### SOURCE MATERIAL ###
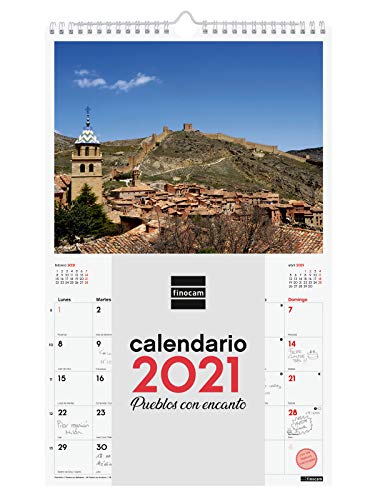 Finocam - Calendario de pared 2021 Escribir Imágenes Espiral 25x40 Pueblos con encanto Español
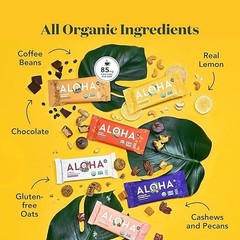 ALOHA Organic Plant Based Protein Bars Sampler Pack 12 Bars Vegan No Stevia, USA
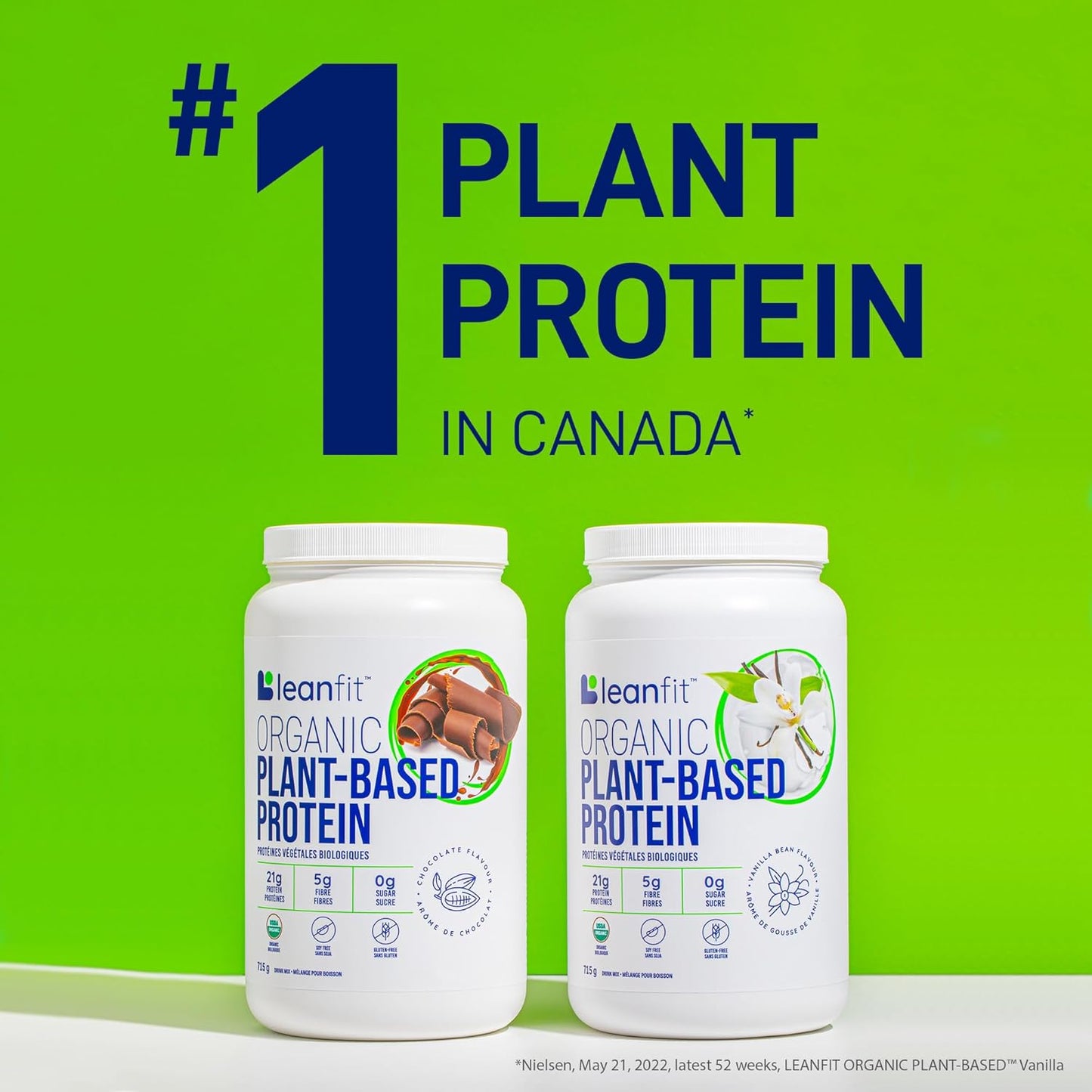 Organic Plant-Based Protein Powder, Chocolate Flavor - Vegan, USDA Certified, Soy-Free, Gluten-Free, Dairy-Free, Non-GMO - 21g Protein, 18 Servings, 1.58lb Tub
###
**EXERCISE OBJECTIVE:** Would you return the data exactly as written, without the pictures?

**YOUR RESPONSE:**
 Finocam - Calendario de pared 2021 Escribir Imágenes Espiral 25x40 Pueblos con encanto Español
 ALOHA Organic Plant Based Protein Bars Sampler Pack 12 Bars Vegan No Stevia, USA
 Organic Plant-Based Protein Powder, Chocolate Flavor - Vegan, USDA Certified, Soy-Free, Gluten-Free, Dairy-Free, Non-GMO - 21g Protein, 18 Servings, 1.58lb Tub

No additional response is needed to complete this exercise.